Supplied entries below:
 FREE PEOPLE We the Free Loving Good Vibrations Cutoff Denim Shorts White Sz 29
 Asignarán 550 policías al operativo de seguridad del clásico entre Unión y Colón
End of Supplied entries.
Supplied entries below:
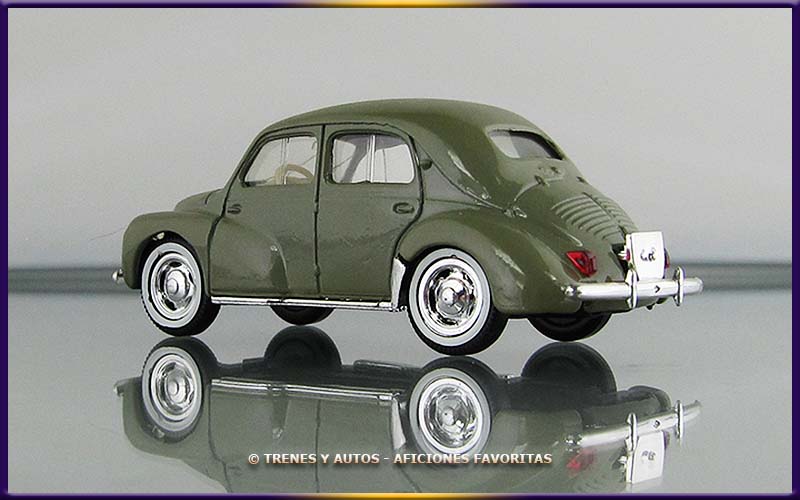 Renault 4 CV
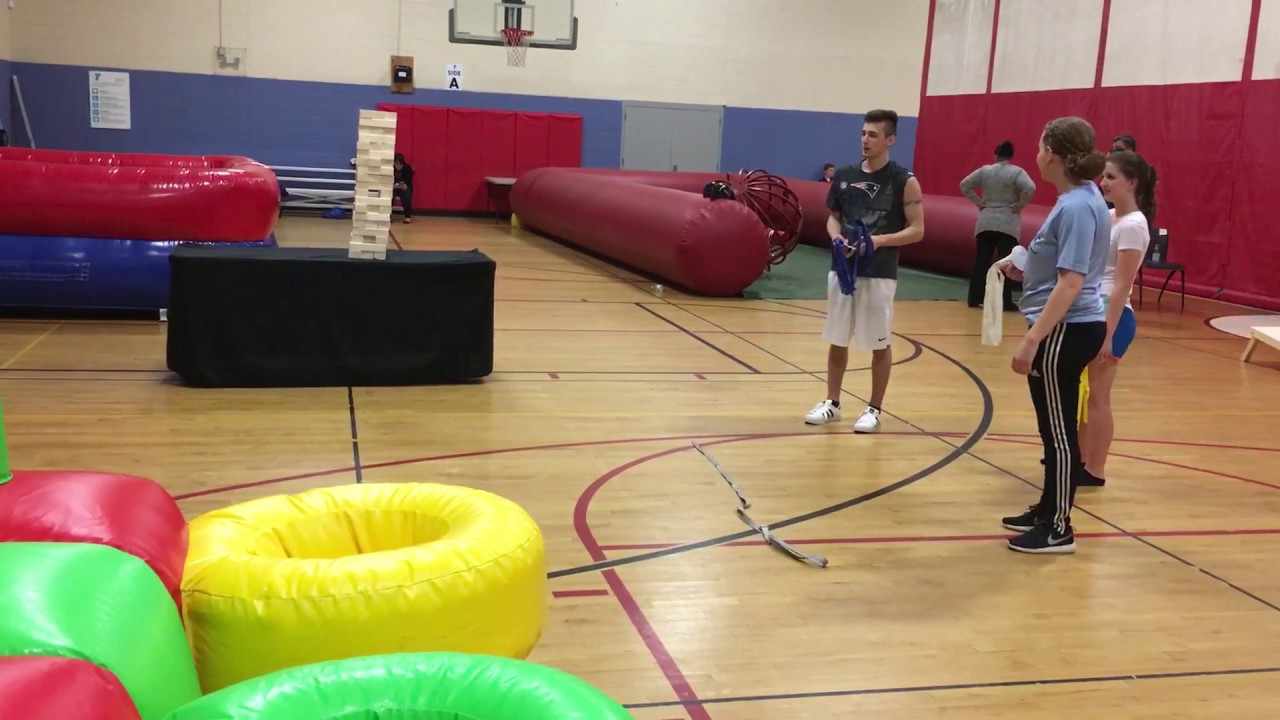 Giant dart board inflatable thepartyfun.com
End of Supplied entries.
▸ **Problem details**: In the entries above, which lines run from the one with "Renault 4 CV" up to and including the one with "Giant dart board inflatable thepartyfun.com"? Write them out exactly, without the pictures.

▸ **Response**:
 Renault 4 CV
 Giant dart board inflatable thepartyfun.com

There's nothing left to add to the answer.